During their career they band tried their hand successfully at a lot of things. Rock and Roll, Country, Folk, Bluegrass, Blues,R&B,  even Weird Psychedelia on their first album but this was the closest they came to an authentic Soul record that would have slotted into place and more than that, jumped out at you from any Stax compilation from the Sixties or early Seventies.The playing is clipped and precise, particularly Doug Clifford's drumming which, as so often, provide the bedrock for the band's sound, but it's John Fogerty's extraordinary vocal performance that really drives this home.
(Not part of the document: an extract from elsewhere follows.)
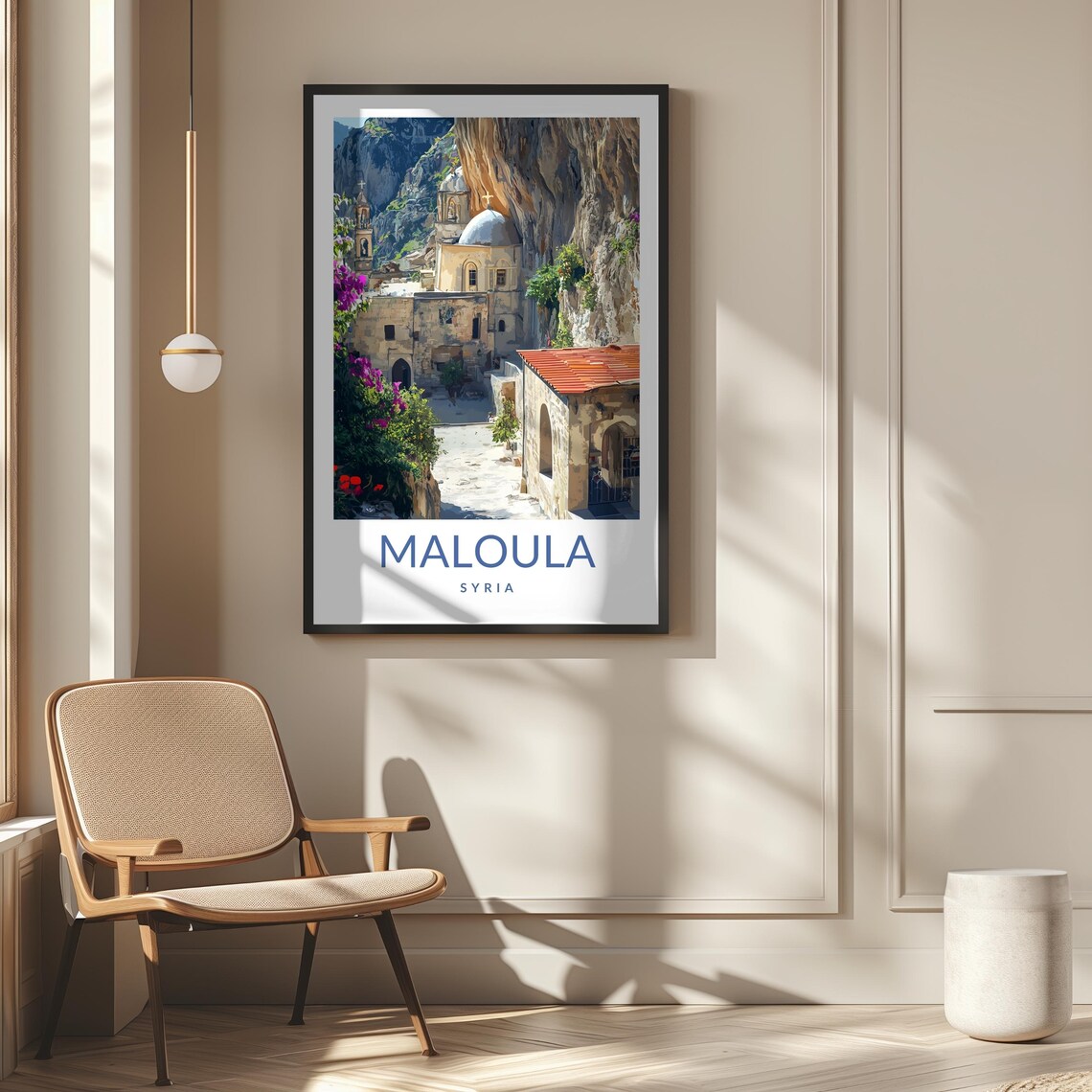 Maloula Syria Ancient Monastery Cliff Mountain Village Travel Poster - Image 2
'Fogerty sounded about as black as any Caucasian rock singer has any right to. Let's not mince words: along with Janis, Van and precious few others, Fogerty was a vocal freak, blessed with a larynx that defied genetic determinism. Fusing the influences of Little Richard and Solomon Burke - with a tincture of Tom Jones for good measure - he sang with an inflamed roar that raises the hairs on one's hands.' 
Barney Hoskyns


Inflamed roar is right. In terms of the song's sentiments it comes from a dark place but obviously is determinedly set to hang on in there. Fogerty was a man who was almost drafted in the Mid-Sixties but was spared to make his series of great statements and wasn't going to blow the second chance he had been given. Like a lot of his songs it sounds like something that needed to be written. It's among the most 'alone' lyrics Fogerty ever wrote, but even here he's certainly no nihilist. No Ian Curtis although he had an understanding and understandable wariness of the darkness. An essential optimism almost always shows through at least in song though his biography does tell us that he endured a couple of decades of darkness and no little bitterness when Creedence finally split up acrimoniously. This story at least seems sure to have a happy ending. The 'yeah, yeah, yeah, oh yeah' towards the end of the song indicate as clearly as possible that he'll get where he's going.